Sebagai langkah strategis, Winarto mendorong pengelolaan menyeluruh dari hulu ke hilir yang melibatkan pemerintah daerah, dunia usaha, dan masyarakat. Upaya yang bisa dilakukan antara lain: pengolahan sampah organik sejak dari sumbernya, memperkuat fasilitas TPS, menerapkan prinsip 3R (Reduce, Reuse, Recycle), serta pemberdayaan warga melalui bank sampah.

Dalam kesempatan itu, ia juga menyinggung Program Adipura sebagai instrumen evaluasi nasional dalam pengelolaan lingkungan perkotaan. Penilaian Adipura mencakup kebijakan dan anggaran (20 persen), kesiapan SDM dan fasilitas (30 persen), serta efektivitas sistem pengelolaan sampah (50 persen). Penghargaan ini terbagi dalam empat kategori:

  • Adipura Kencana (skor > 85),
  • Adipura (75–85),
  • Sertifikat Adipura (60–74),
  • dan predikat Kota Kotor bagi daerah dengan skor di bawah 60.

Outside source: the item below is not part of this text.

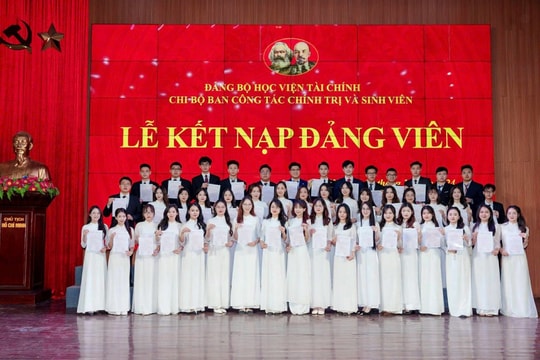Tuổi trẻ Học viện Tài chính tự hào, vững tin theo Đảng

Winarto menegaskan, seluruh kepala daerah di Kalteng harus menaruh perhatian serius agar tidak ada satu pun kabupaten/kota yang masuk kategori “kota terkotor.”

“Sampah bukan semata beban. Jika dikelola dengan benar, ia bisa menjadi sumber ekonomi, membuka lapangan kerja baru, bahkan berkontribusi pada energi terbarukan. Kuncinya adalah sinergi dan komitmen bersama,” tandasnya.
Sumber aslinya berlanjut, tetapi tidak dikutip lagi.